Community integration is at the heart of an immigrant’s settlement journey. Getting to know your local neighbourhood, the people who live there, the fun things to do, the places to see, and the many ways to contribute and participate help you feel connected to your new home in some of the most meaningful ways. But as any newcomer will know, immersing yourself in your new community can sometimes be overwhelming and intimidating. There is so much to learn and explore that it can be hard to know where to begin.
At ISANS, our Community Integration Services focus specifically on ensuring this process is as easy as possible for new immigrants. Our services help immigrants find information and volunteering opportunities, access community services and support, and connect with community members with similar interests. We also offer recreation support, which is a particularly important part of community integration. In addition to promoting physical and mental wellness, recreation helps community members learn new skills and build relationships and friendships with others, which encourages further participation and a sense of belonging in the community.

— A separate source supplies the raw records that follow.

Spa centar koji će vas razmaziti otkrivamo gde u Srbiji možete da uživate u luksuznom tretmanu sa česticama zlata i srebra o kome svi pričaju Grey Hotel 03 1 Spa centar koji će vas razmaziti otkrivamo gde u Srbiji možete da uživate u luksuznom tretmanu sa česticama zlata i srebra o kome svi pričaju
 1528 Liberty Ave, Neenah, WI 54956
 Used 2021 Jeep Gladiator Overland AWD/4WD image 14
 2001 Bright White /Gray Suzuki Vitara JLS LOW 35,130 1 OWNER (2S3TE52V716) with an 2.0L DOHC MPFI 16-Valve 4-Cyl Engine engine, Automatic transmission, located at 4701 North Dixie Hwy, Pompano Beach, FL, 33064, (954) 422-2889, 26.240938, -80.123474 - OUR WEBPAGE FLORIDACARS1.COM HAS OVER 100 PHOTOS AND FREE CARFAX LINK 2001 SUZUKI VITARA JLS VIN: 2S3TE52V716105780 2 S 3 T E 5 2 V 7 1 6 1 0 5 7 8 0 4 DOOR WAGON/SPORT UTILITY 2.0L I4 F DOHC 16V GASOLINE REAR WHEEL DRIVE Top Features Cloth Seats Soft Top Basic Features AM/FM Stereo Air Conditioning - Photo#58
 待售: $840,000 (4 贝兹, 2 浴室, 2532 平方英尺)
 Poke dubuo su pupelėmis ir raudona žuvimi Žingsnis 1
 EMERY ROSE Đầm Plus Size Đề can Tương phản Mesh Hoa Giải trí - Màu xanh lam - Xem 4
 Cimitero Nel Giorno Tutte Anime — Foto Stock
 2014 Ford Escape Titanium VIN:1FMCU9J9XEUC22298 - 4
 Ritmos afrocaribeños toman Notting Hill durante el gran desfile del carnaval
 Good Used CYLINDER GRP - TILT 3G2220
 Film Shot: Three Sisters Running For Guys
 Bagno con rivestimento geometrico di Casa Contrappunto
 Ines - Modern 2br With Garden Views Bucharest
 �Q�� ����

Our CIS team’s Community Connections program helps government-assisted refugees and their families find the recreational opportunities they’re most interested in, as well as apply for funding to cover their registration costs. A reality of the recreation system is that it is complex and challenging to navigate, especially for new immigrants, which is why we developed a new, more involved volunteer support role to help our clients on a longer-term basis.
Recreation Navigators are volunteers who we match with families to help them find opportunities, register for community activities and sports, and access funding, all while teaching them how to navigate the system on their own. The paired matches meet weekly for two hours for at least six months, and we’re thrilled at the success this unique initiative has had for immigrant individuals, families, and the wider community.
At an individual level, Recreation Navigators have deepened our clients’ sense of belonging in their new home, and their own understanding of the barriers that immigrants face has deepened as well. Additionally, clients are building relationships with community volunteers and learning how to access services on their own.
For the wider community, our staff work with partners to highlight the ways in which our recreation system can improve and become more accessible to all, and we look forward to continue advocating for positive change in the years to come.